The incorporation of amendments is a commonly employed strategy to enhance the effectiveness of phytostabilization in remediating mine tailings. Although the remediation effectiveness of organic phosphate fertilizer (P), manure (M), and biochar (B) as individual amendments for heavy metal pollution has been extensively investigated, yet, the effectiveness of combined amendments for mine tailings remains unknown. The objective of this study is to assess the potential effectiveness of the co-application of P, M, and B in remediating Pb-Zn mine tailings by examining the alterations of chemical and biological properties. In this study, the mine tailings were amended with single and combined P, M, and B at a dosage of 5 % (w/w) followed by a two-month pot trial involving the seeding of ryegrass (Lolium perenne L.).
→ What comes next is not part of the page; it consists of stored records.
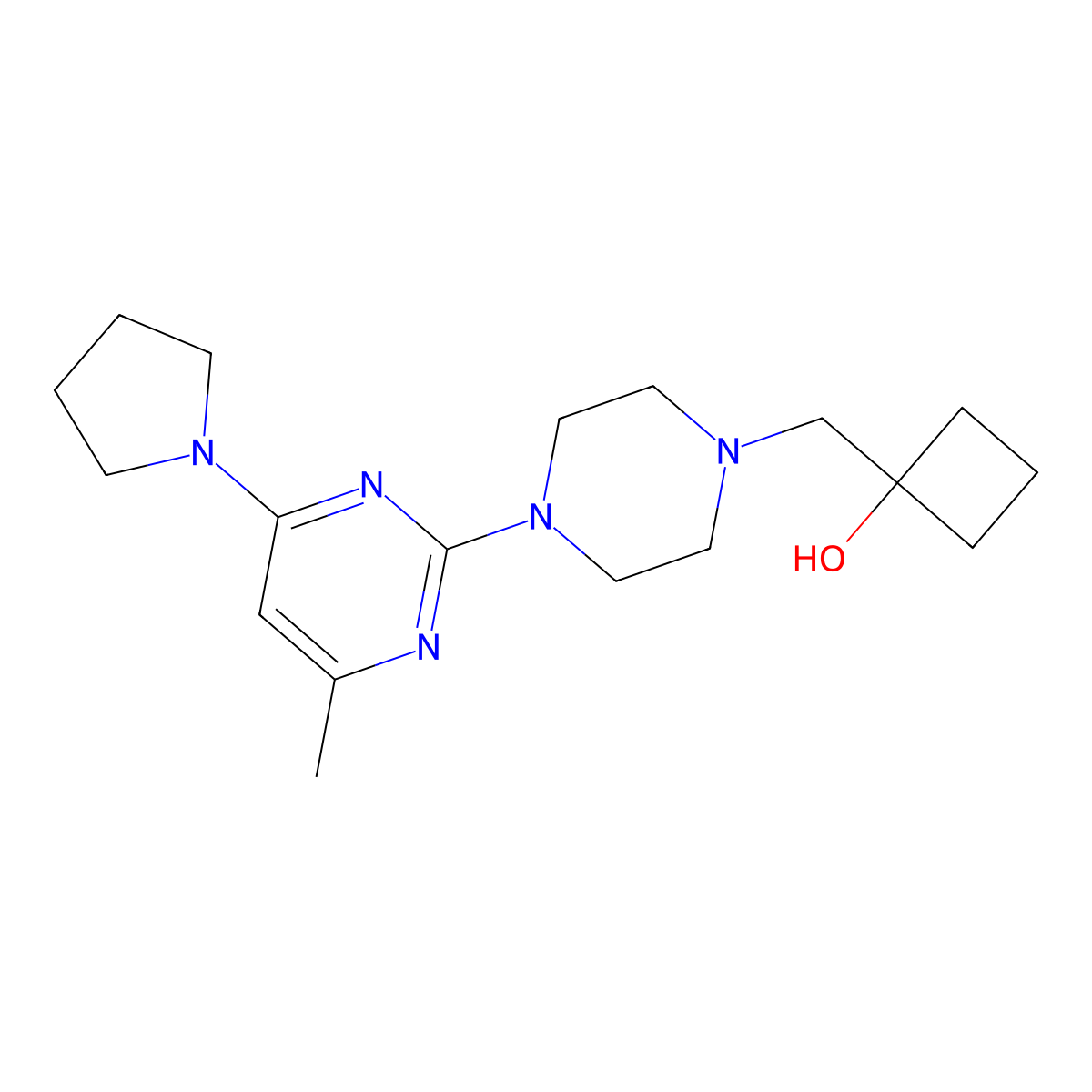 1-({4-[4-Methyl-6-(pyrrolidin-1-yl)pyrimidin-2-yl]piperazin-1-yl}methyl)cyclobutan-1-ol molecular structure, CAS 2741936-18-3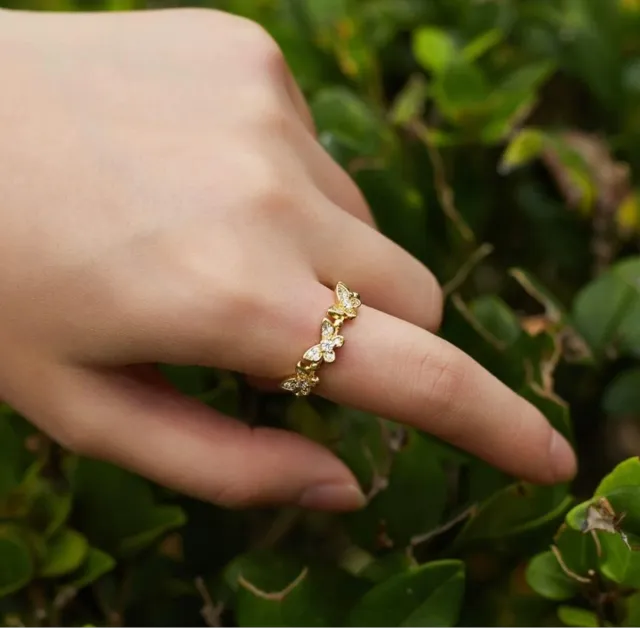Anillo mariposa dorado ajustable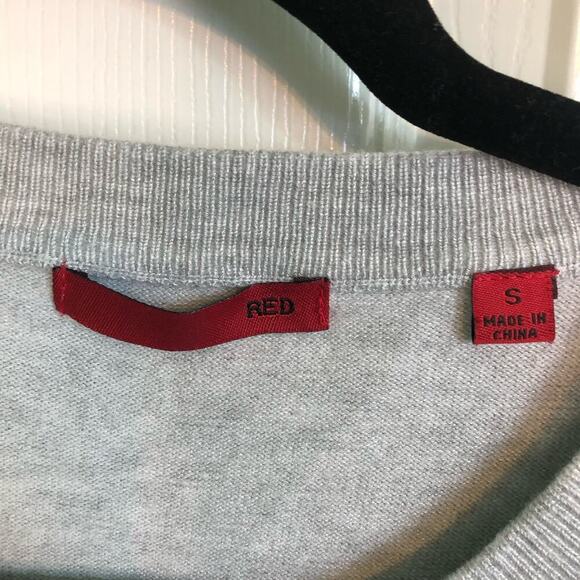 Red Brand Short Sleeve Button Down Cardigan Gray w/ Teal Stripes Size Small - Picture 2 of 6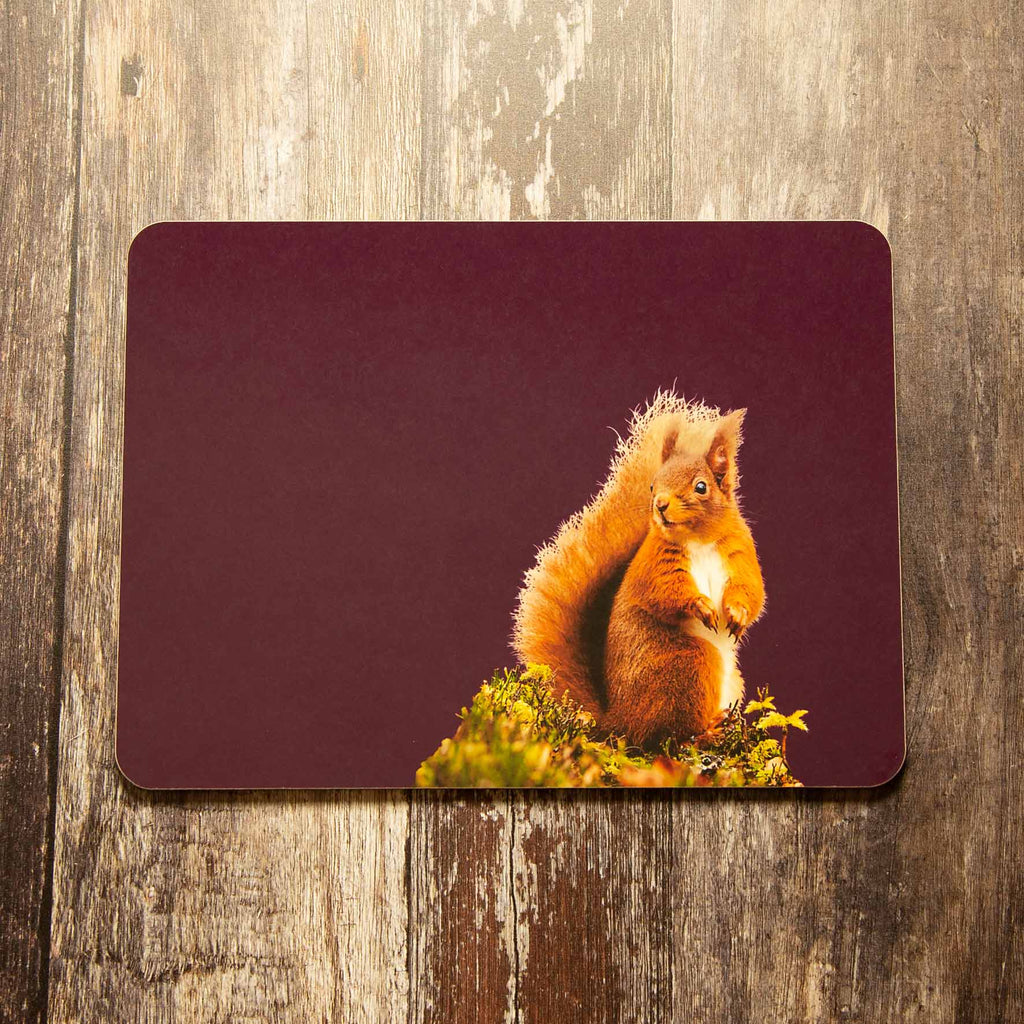 Red Squirrel Placemat - Mulberry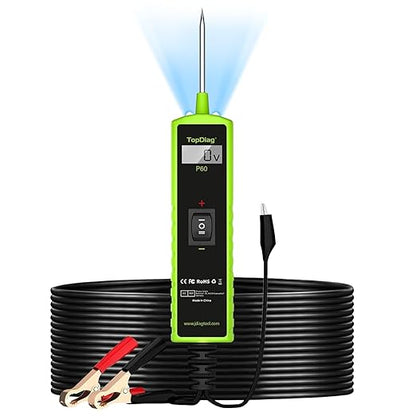 12 Volt Test Light Automotive, Power Circuit Probe Kit, 6V - 24V Car Fuse Tester, Voltage Tester 0.3v-70v, AC DC Outlet Tester, Automotive Short Circuit Finder, P60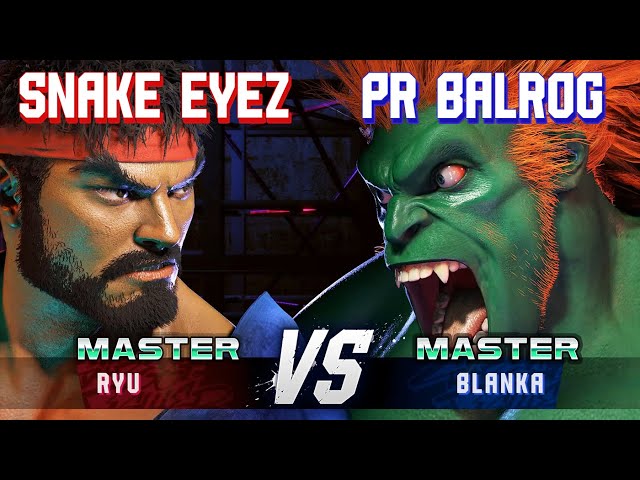 SF6 ▰ SNAKE EYEZ (Ryu) vs PR BALROG (Blanka) ▰ High Level Gameplay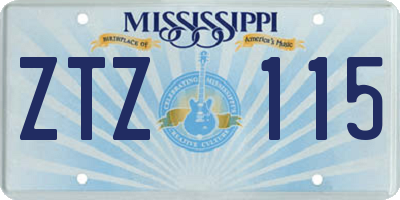 MS license plate ZTZ115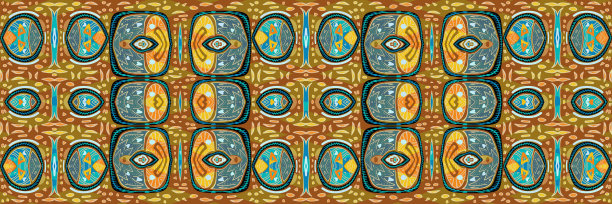 非洲图案，平面设计，几何形状，橙色和蓝绿色，高清图像(高清格式)，插图图片下载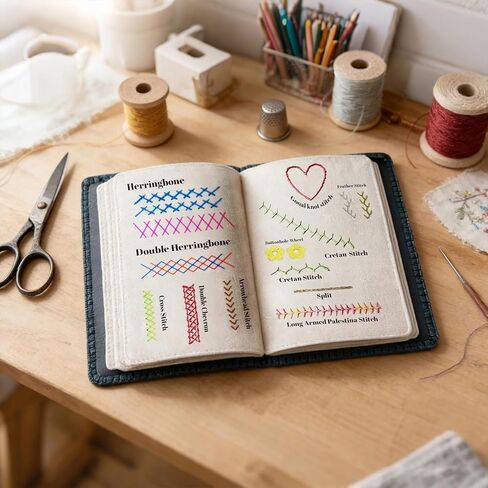 DELRRYJ 2026 Upgraded Embroidery Stitch Book Kit, 108 Patterns with Tools & Tutorials, Beginner Embroidery Kit, Portable All in One Hand Embroidery Book for Adults & DIY Craft Lovers in Saudi Arabia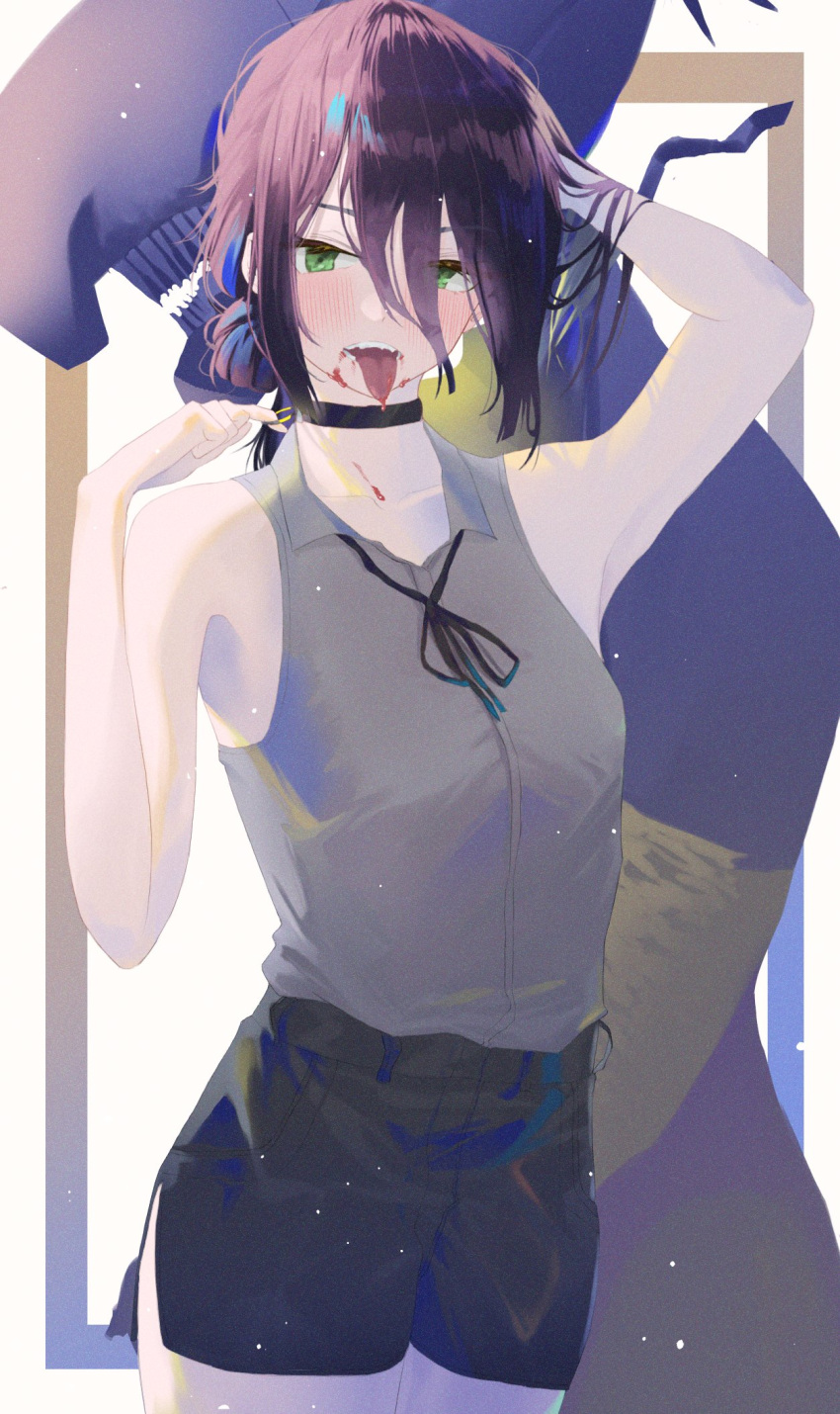 1girl black_choker black_hair black_skirt blood blood_on_face blush breasts butsubutsu_koshi_anko chainsaw_man choker dual_persona fangs green_eyes highres medium_breasts medium_hair monster_girl open_mouth reze_(chainsaw_man) skirt tongue tongue_out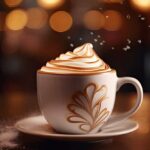 Magische latte-kunst, cappuccino-kaffeeschaum, milchcremegetränk, getränkedesign, schöne latte-kunst, abstrakte generative ki-illustration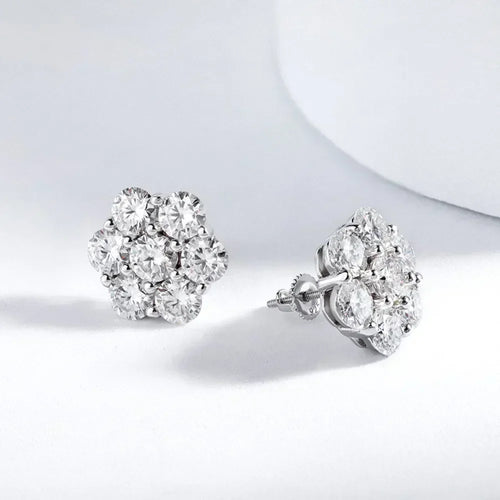 Exquisite Moissanite Flower Stud Earrings - Luxury Shine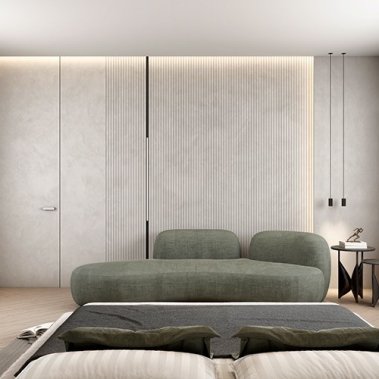 NỘI THẤT PHÒNG NGỦ 68 - GỖ MDF CHỐNG ẨM PHỦ MELAMINE MÀU XÁM KẾT HỢP VÂN GỖ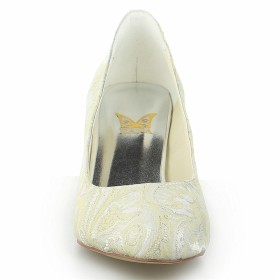 Spitze Pumps Stiletto Ivory Absatzschuhe Mit 6 cm Mittlerer Absatz Elegante Schuhe Damen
In comparison to the control, all amendments effectively elevated the levels of organic matter, total nitrogen, and total phosphorus in the mine tailings while reducing diethylenetriamine-pentaacetic acid (DTPA)-extractable Pb, Cd, and As
Zn did not show significant changes except in combined treatment with P + M + B (i.e. PMB combination). The combined amendment treatments, particularly PMB, resulted in a substantial enhancement in both microbial biomass and the activities of alkaline phosphatase, urease, invertase, and dehydrogenase. Moreover, the combined amendments facilitated ryegrass growth while concurrently mitigating heavy metal uptake. Pearson's correlation analysis demonstrated a positive association between biological properties of the mine tailings (microbial biomass, enzyme activities, and ryegrass biomass) and nutritional levels while showing a negative correlation with DTPA-extractable heavy metals. Principal component analysis revealed that the addition of PMB exhibited superior efficacy in remediating mine tailings. Overall, our findings suggest that the application of PMB shows promise for in-situ remediation of Pb-Zn mine tailings
however, further research is required to validate these findings under field conditions.